Colombia a través de los años ha sufrido de una violencia extrema que se ha marcado en la cantidad de víctimas que ha dejado a su paso desde hace más de 50 años. Aunque se han hecho 6 intentos por obtener la tan anhelada paz, han fracasado por incumplimiento de las partes, y solo uno, que fue el del expresidente Juan Manuel Santos Calderón, en el año 2016, logró a través de 6 puntos concretar con las FARC.

Fue un acuerdo que generó mucha controversia en los ciudadanos, y aunque se realizó un plebiscito por la paz, el cual buscaba saber si los ciudadanos estaban de acuerdo con esto, lamentablemente ganó el no. El gobierno hizo caso omiso y no tomo en cuenta esta opinión, y siguieron con el proceso. En la introducción al acuerdo de paz, se subraya que este terminará con el sufrimiento de millones de colombianos.

Hay que tener en cuenta que la paz no va a llegar de la noche a la mañana, pero que ya dimos un paso muy grande al poder llegar a un acuerdo. Claramente las víctimas no van a regresar, y ni con todo el dinero del mundo se puede mitigar el dolor de una familia por la pérdida de un ser querido. Estamos luchando porque esto no vuelva a suceder, para que los campesinos puedan regresar tranquilos a sus tierras, los niños puedan jugar sin temor, aprender, estudiar, y que no tengan que ser reclutados más menores a la fuerza para apoyar la guerra, separados de su familia y arrebatándoles un futuro.

Tenemos que empezar a “educar para una cultura de paz”, contar la historia y el pasado de Colombia como es, concientizar a las comunidades y a los jóvenes de la importancia de una vida en paz; porque eso empieza desde la casa, de los valores que le enseñemos a nuestros hijos, del respeto que tenemos con los demás, y somos conscientes de que vivimos en un país multicultural.

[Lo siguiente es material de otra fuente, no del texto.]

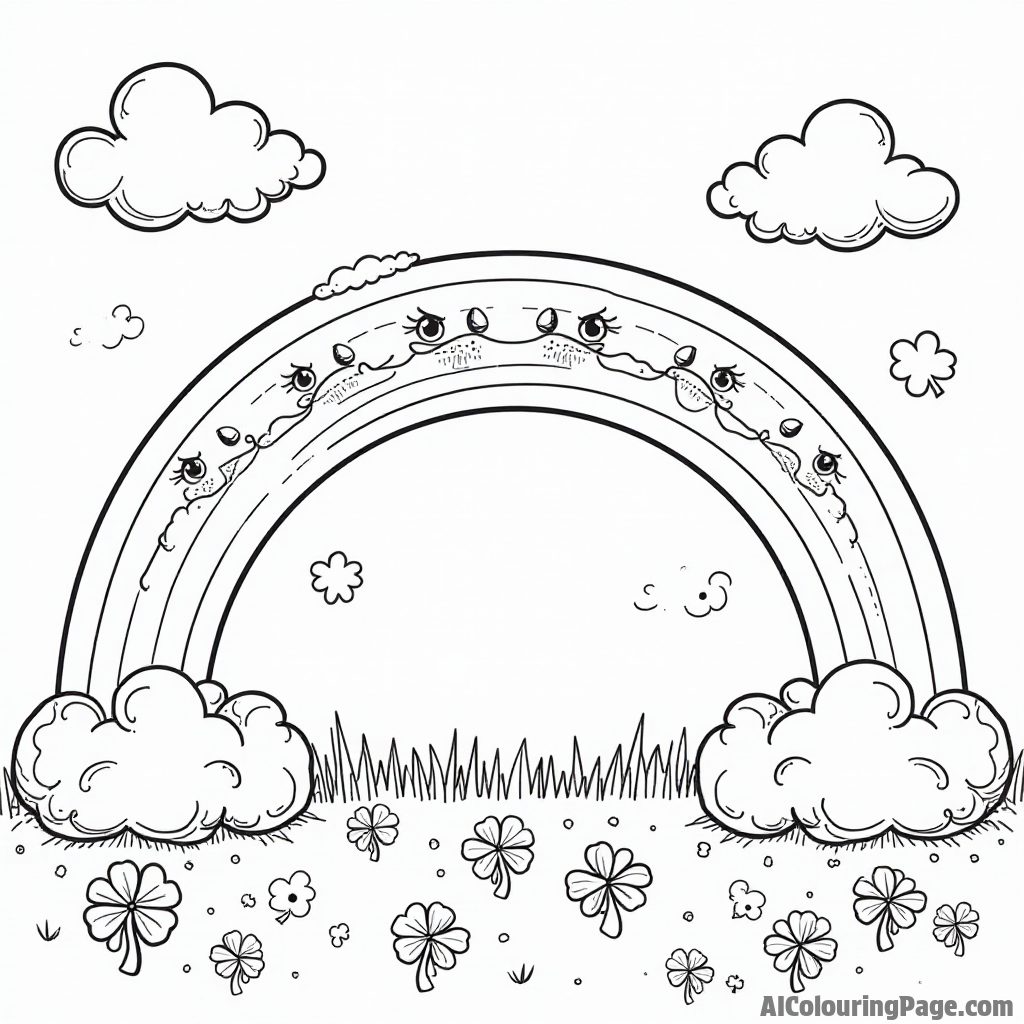 A cartoonish rainbow with smiling faces peeking out from behind fluffy clouds over a field of clovers.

“Una cultura para la paz permite, por ser la violencia un fenómeno cultural, desaprender la violencia, y aprender la paz” (Fisas). Es difícil desacostumbrarse a lo que ya veníamos viviendo, pero nunca es tarde para empezar, para soñar con que si es posible que Colombia logre la paz, que todos podamos vivir en armonía. Qué tal si empezamos por cada uno de nosotros, por ser tolerantes y respetuosos con las demás personas.

Hay que hacer una reparación a las víctimas de este conflicto armado, no olvidar lo que pasó, pero sí pensar en cambio, soñar con la libertad de un país que ha estado sumergido en la guerra por mucho tiempo, causando daños atroces a las personas más vulnerables del país. El proceso de paz, aunque no es perfecto y ha tenido sus falencias, pues muchas personas no están de acuerdo con que les den beneficios a los desmovilizados con nuestros recursos, es un gran paso para que podamos llegar a tener la paz con la que hemos soñado tanto.